Read @HonRobNicholson however, and it’s all about ISIL, statements on various topics, retweets from his cronies, and check-ins from all the countries in which he’s visiting his foreign counterparts.

He’s clearly far to busy jet-setting about to bother serving the constituents who voted him into office. I am really looking forward to his re-election campaign, when he regales his constituents about all the things he’s done for us since the last election. It won’t take very long.

Weak tea, Mr. Nicholson. Weak tea, indeed.


Photo of Mr. Nicholson from robnicholsonmp.ca

Passive politicians

The passive voice makes me crazy. I used it embarrassingly often when I started my writing job, but once it was pointed out to me, I avoided it as much as I could. (And yes, I realize I just used it in that sentence!) Once you learn to recognize it, you realize how unnecessary, and even counterproductive, the passive voice often is.

I do admit that it comes in handy to avoid details that aren’t important, but I quickly began to see it as evasive. Let me give you an example.

Veterans Affairs Minister Julian Fantino screwed up today. He had arranged to meet some veterans, and he showed up 70 minutes late. For more than an hour, they wondered if he was even going to show up. Of course the veterans were upset. Their concerns centered around the poor treatment they feel they’re getting from the federal government. According to the CBC news item titled, Veteran on Julian Fantino: ‘What the frig is wrong with that guy?’, this is part of the written apology he released later in the day:

Due to cabinet meeting that ran long, I was very late in meeting a group of veterans that had come to Ottawa to discuss their concerns. I sincerely apologize for how this was handled.

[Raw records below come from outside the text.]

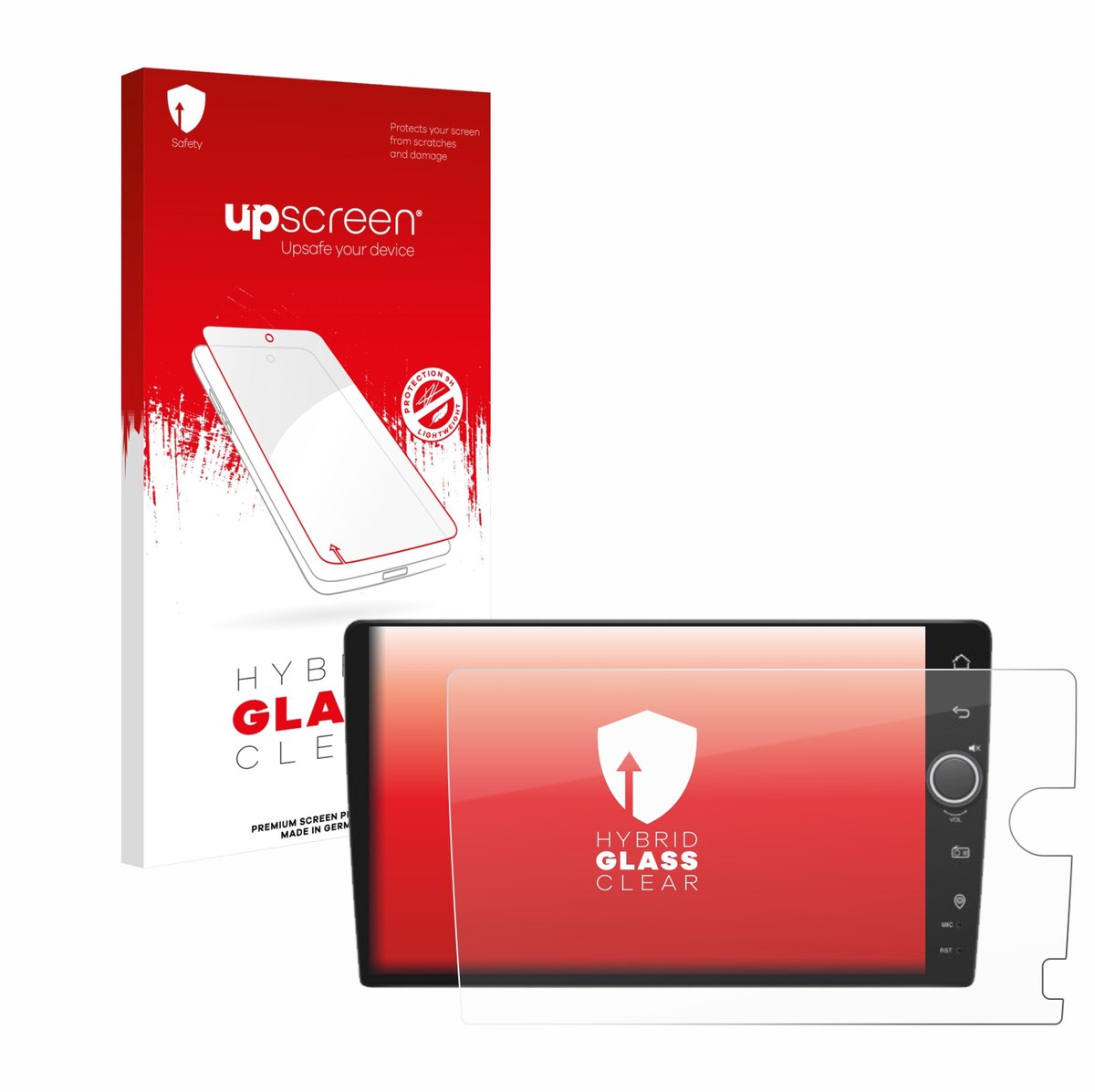 upscreen - Screenprotector voor Joying Car Radio 9" rechtsgestuurde - Folie Beschermfolie Beschermglas transparant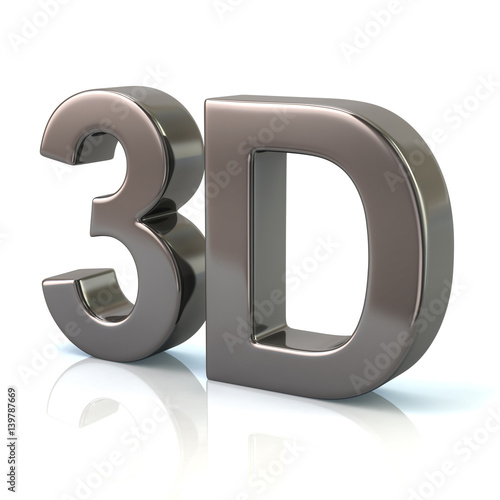 3d illustration of silver 3D word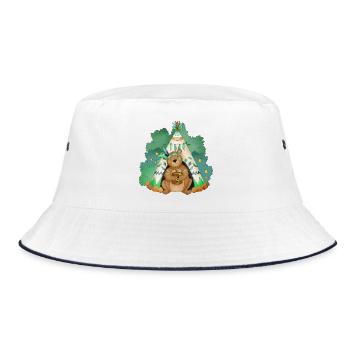 bear in front of his teepee - Bucket Hat - white/navy - Front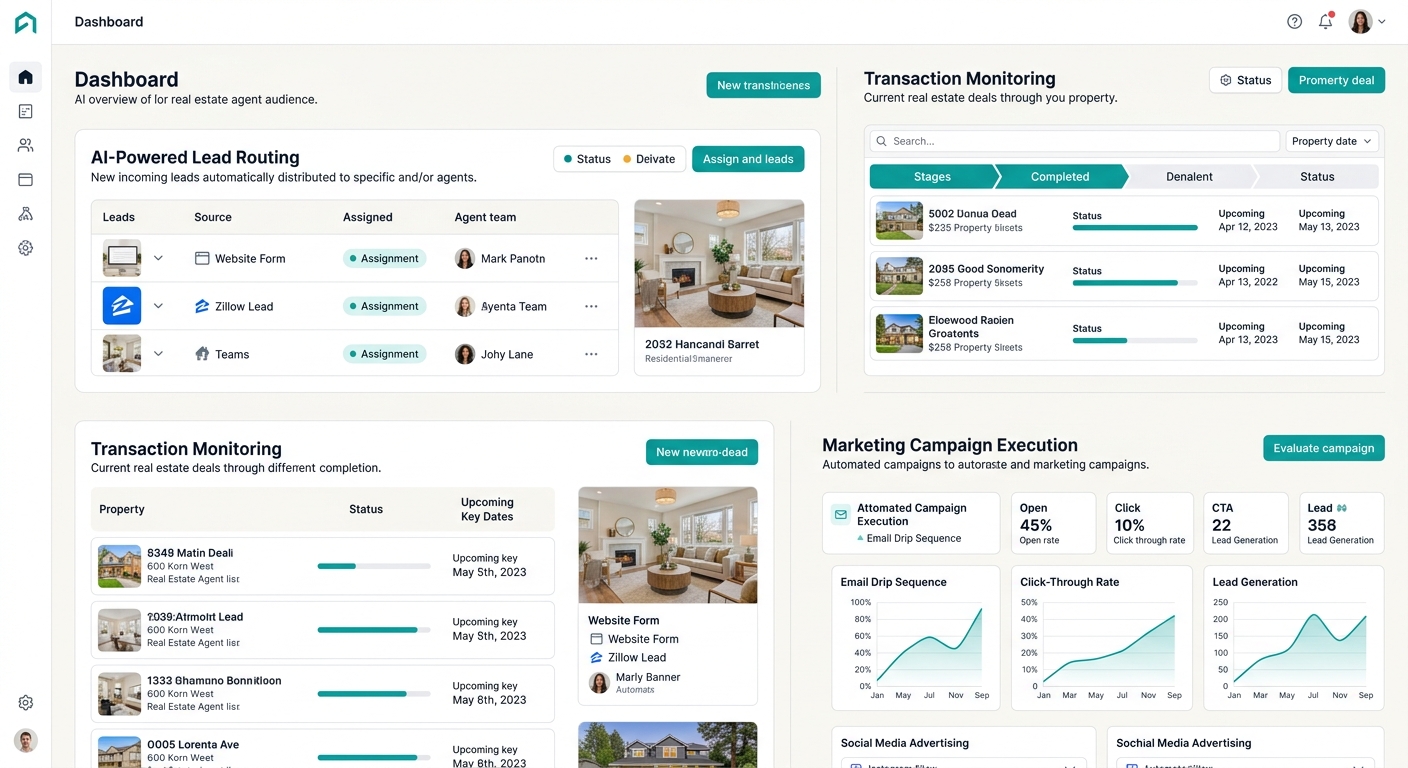 AI workflow dashboard showing automated lead routing, transaction monitoring, and marketing campaign execution across integrated real estate software stack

See what he did there? The last sentence is the typical passive voice politicians use to try to look less responsible. The situation was entirely his doing. He handled it poorly, and it was his cock-up. He should have said, “I sincerely apologize for how I handled this.”

My using a politician as an example is no accident. Their unending use of the passive voice to try to minimize their screw-ups is precisely why I started to see the use of passive language as evasive.